Definition of terms and their associated context in Aquarium
Tasks in Aquarium map to common computer vision task types.
Currently supported task types in Aquarium include:
- 2D Object Detection
- 3D Object Detection
- Semantic Segmentation
- Instance Segmentation
Different task types (and even sub types within tasks) often require different data formats. Configuring various components of Aquarium may require declaring the task type, so that we can correctly support the required data.
Projects are the highest level of organization for data in Aquarium. Projects allow you to organize your data and collaborate in one central location. Each project may contain one or more datasets.
Every project in Aquarium has:
- A globally unique name
- A single task type (e.g. 2D object detection, semantic segmentation, etc.)
- A single ontology
An ontology (also referred to as a taxonomy or label class map) enumerates entities and their relationships for a given machine learning task. Ontologies in Aquarium must explicitly define every label and every inference within a given project.
Ontologies in Aquarium allow you to define display names, colors, relationships between training and inference classes, and many other metadata fields. These definitions are used throughout the platform to display data, calculate metrics, and otherwise support Aquarium's various workflows.
Note that ontologies are assigned at the project level and apply to all datasets within a given project.
Datasets are the core organizational construct within Aquarium. In the most basic sense, a dataset is a grouping of imagery, metadata and annotations.

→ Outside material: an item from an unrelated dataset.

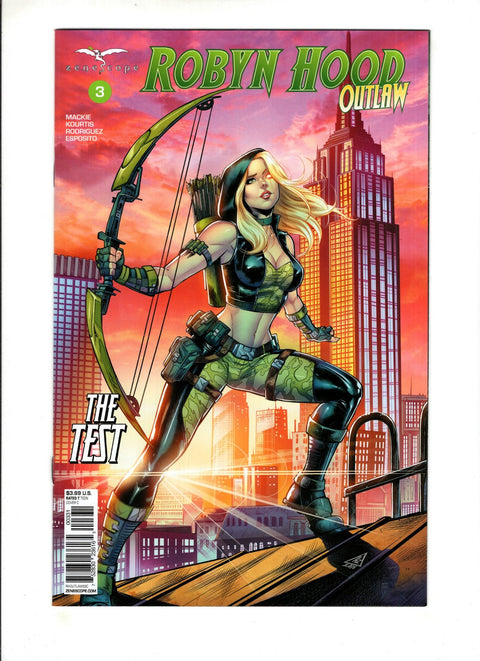 Robyn Hood: Outlaw #3 (Cvr C) (2019) Hedwin Zaldivar Variant C Hedwin Zaldivar Variant Buy & Sell Comics Online Comic Shop Toronto Canada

Aquarium supports two primary types of datasets, each of which has distinct capabilities.
- Labeled datasets are the most common type of datasets in Aquarium and are made up of imagery, metadata and ground truth annotations. Examples of labeled datasets may include your training, validation and test sets.
- Labeled datasets allow you to assess data quality, evaluate model performance, run data curation workflows, and set up production-ready ML processes.

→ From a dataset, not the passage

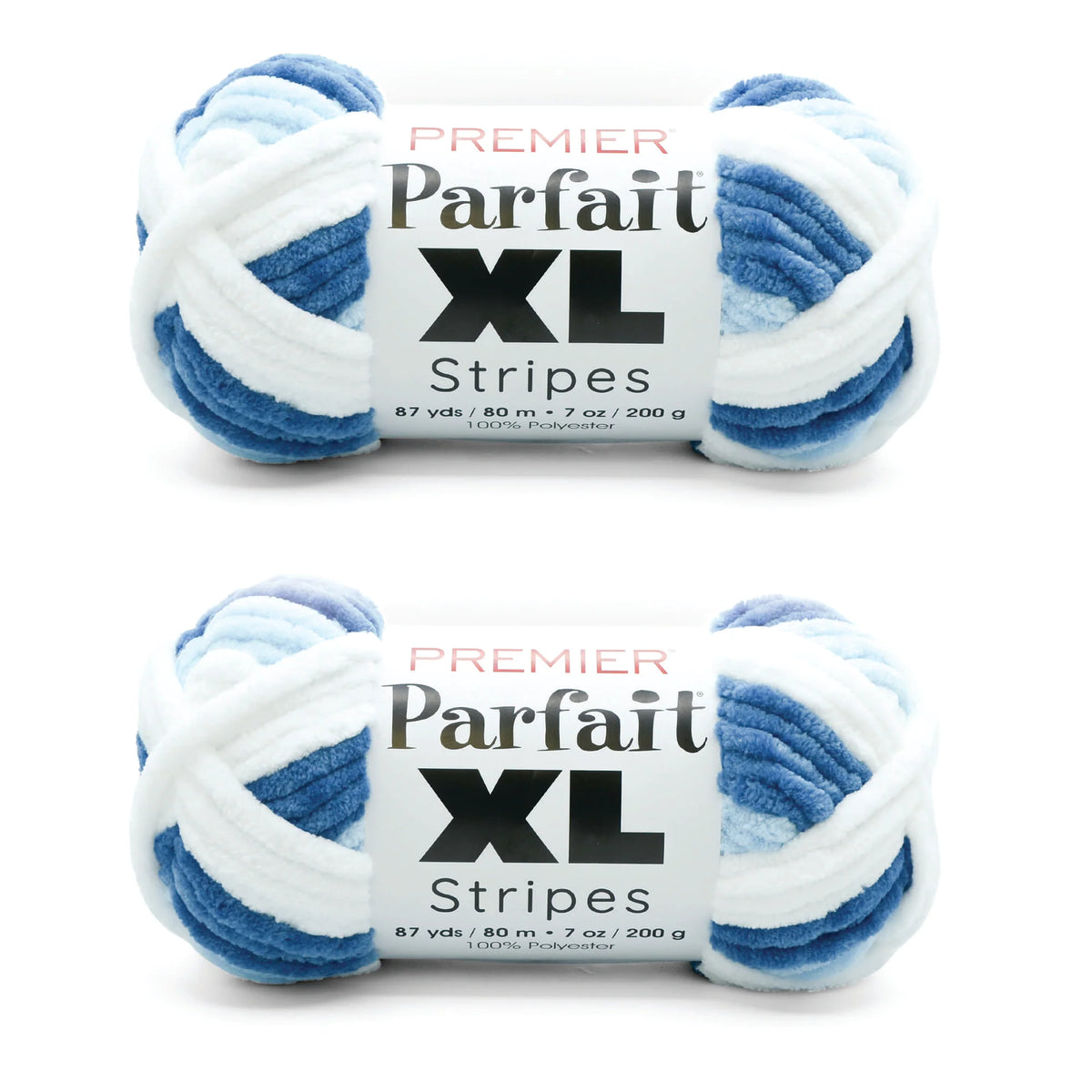 Parfait® XL Stripes BAG OF 2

- Unlabeled datasets are a more specialized dataset type and are made up of imagery and proposed regions of interest (usually inferences generated by a model).
- Unlabeled datasets are used as a part of data curation and sampling workflows in Aquarium. They serve as the search space for rare or interesting scenarios found within your labeled datasets.
- Unlabeled datasets are typically much larger than labeled datasets.
Datasets in Aquarium are intended to be modified over time (for example as new data is acquired and added to the training or test sets). All of these modifications are tracked in Aquarium, enabling you to view and interact with the various states of your dataset over time.
A frame is the atomic unit of data within a dataset.
- In the base case a frame is made up of an electro-optical image (as a .PNG, .JPEG or any other common format) and its structured metadata (as JSON).
- In more advanced cases a frame may be made up of multiple images (a primary image and context imagery or data from other sensor types) and its structured metadata (as JSON or other formats). The more complex structure is common for autonomous driving tasks with LIDAR, Radar or other sensor types and in robotics tasks.
- Labels (and associated metadata) and inferences (and associated metadata) are associated with frames.
Frames in Aquarium are intended to be modified over time (for example as labeling providers return new labels, or as new metadata becomes available). All of these edits are tracked in Aquarium, enabling you to view and interact with the various states of your dataset over time.